- [EXERCISE DETAILS]
Transcribe word for word each line from the one containing "lunaloufoxfree star pornographic gallery" to the final line of the data, both included. Skip the pictures.

- [EXERCISE MATERIALS]
********************
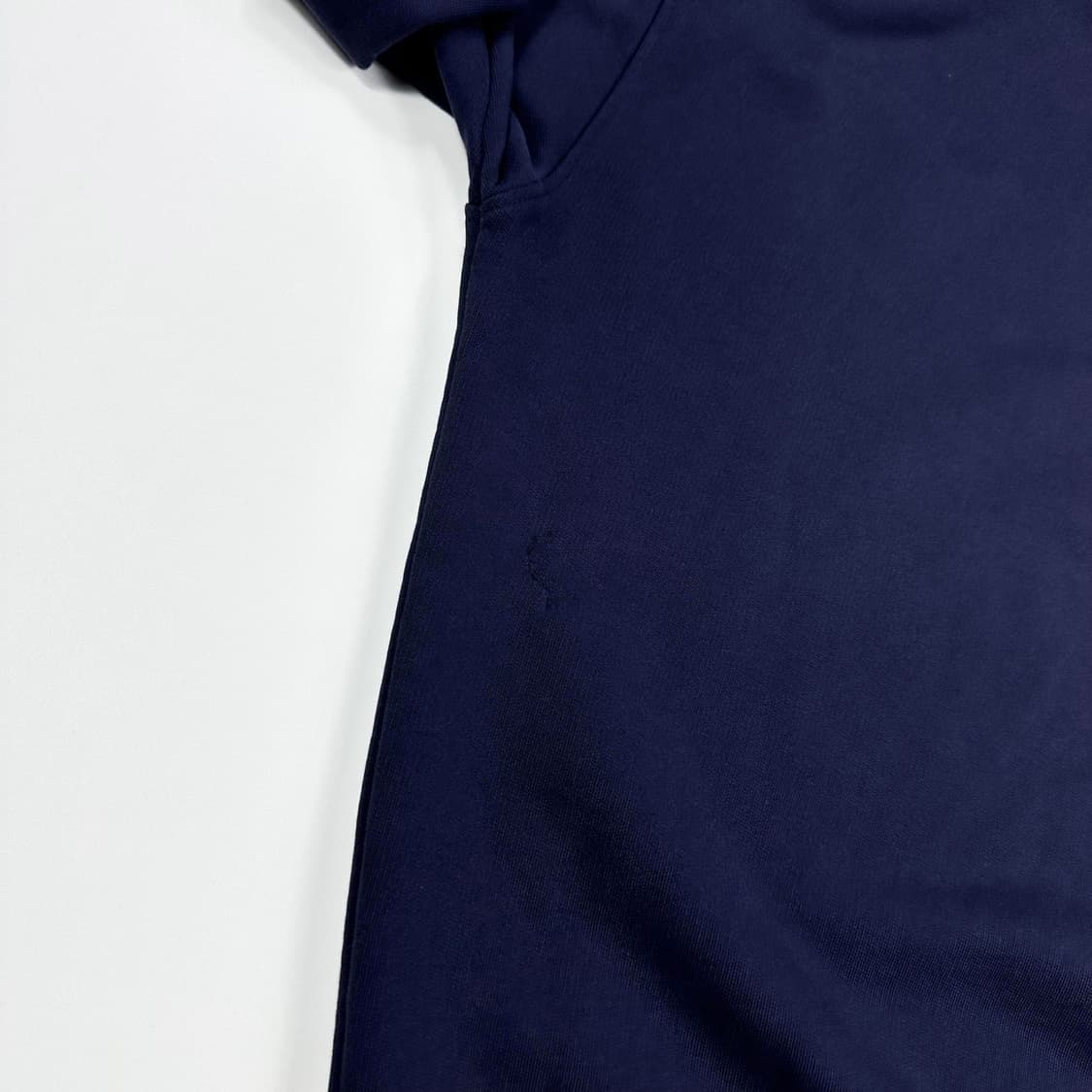 아미 스몰 하트로고 네이비 크루넥 맨투맨 (L) 상품이미지6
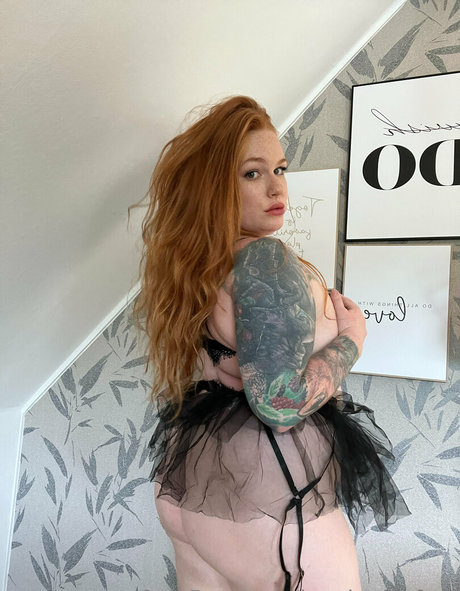 lunaloufoxfree star pornographic gallery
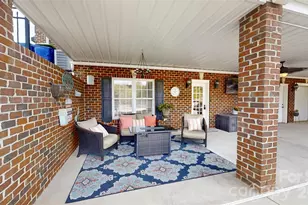 2400 Carriage Ln, Lincolnton, NC 28092 - Photo 41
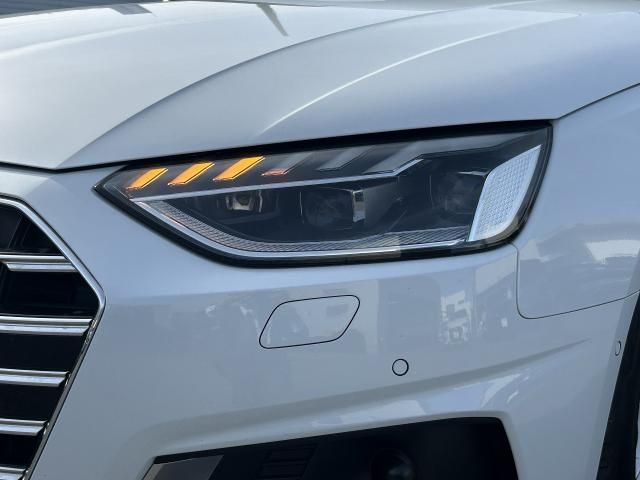 AUDI A4 2021 Image 31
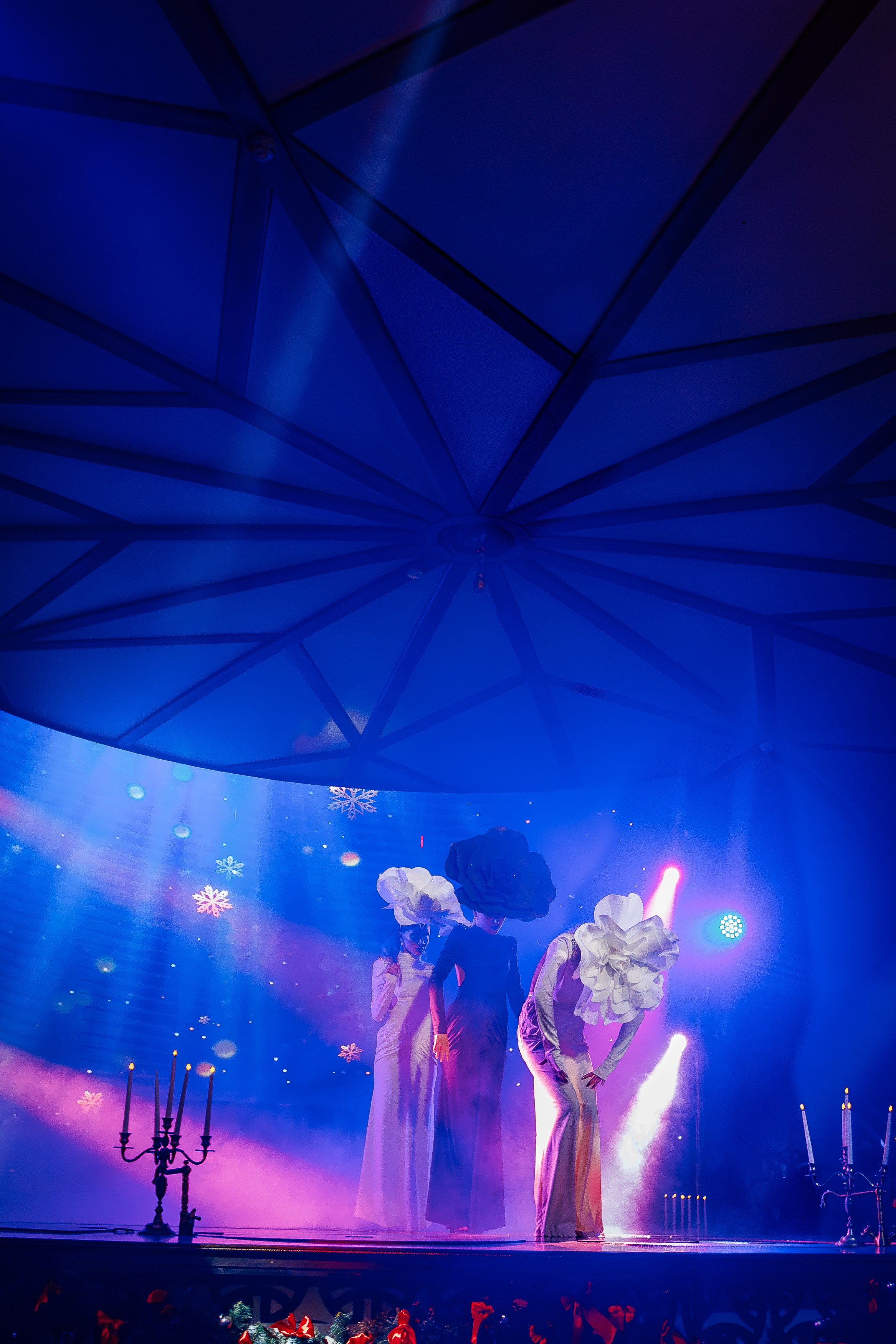 Новогодняя шоу-программа «MAGIC TIME» в PTIZZA BAR_Ялта_31.12.2025. Аминов Руслан | Фотограф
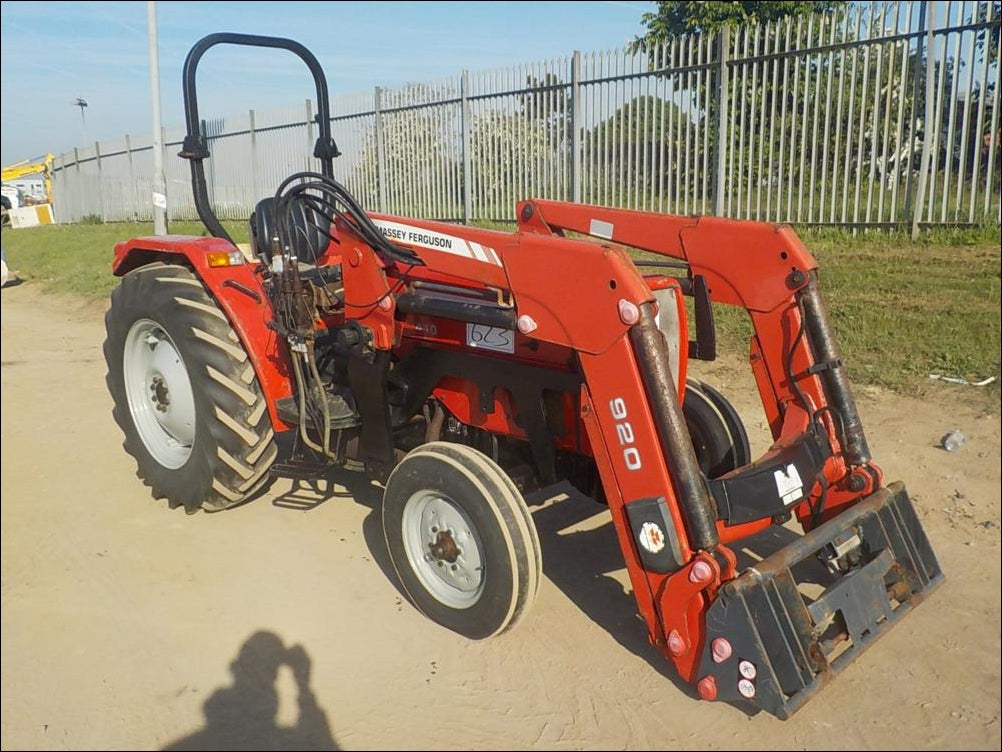 CATÁLOGO DE PEÇAS MASSEY FERGUSON - 920\925\930\935\940 - CARREGADORES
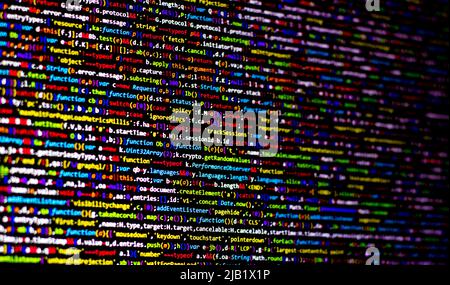 Farbenfroher Code-Hintergrund. Komprimierter javascript-Code auf dem Computerbildschirm. Bildschirm für die Codierung von Softwareentwicklern Stockfoto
********************
- [SOLUTION]
 lunaloufoxfree star pornographic gallery
 2400 Carriage Ln, Lincolnton, NC 28092 - Photo 41
 AUDI A4 2021 Image 31
 Новогодняя шоу-программа «MAGIC TIME» в PTIZZA BAR_Ялта_31.12.2025. Аминов Руслан | Фотограф
 CATÁLOGO DE PEÇAS MASSEY FERGUSON - 920\925\930\935\940 - CARREGADORES
 Farbenfroher Code-Hintergrund. Komprimierter javascript-Code auf dem Computerbildschirm. Bildschirm für die Codierung von Softwareentwicklern Stockfoto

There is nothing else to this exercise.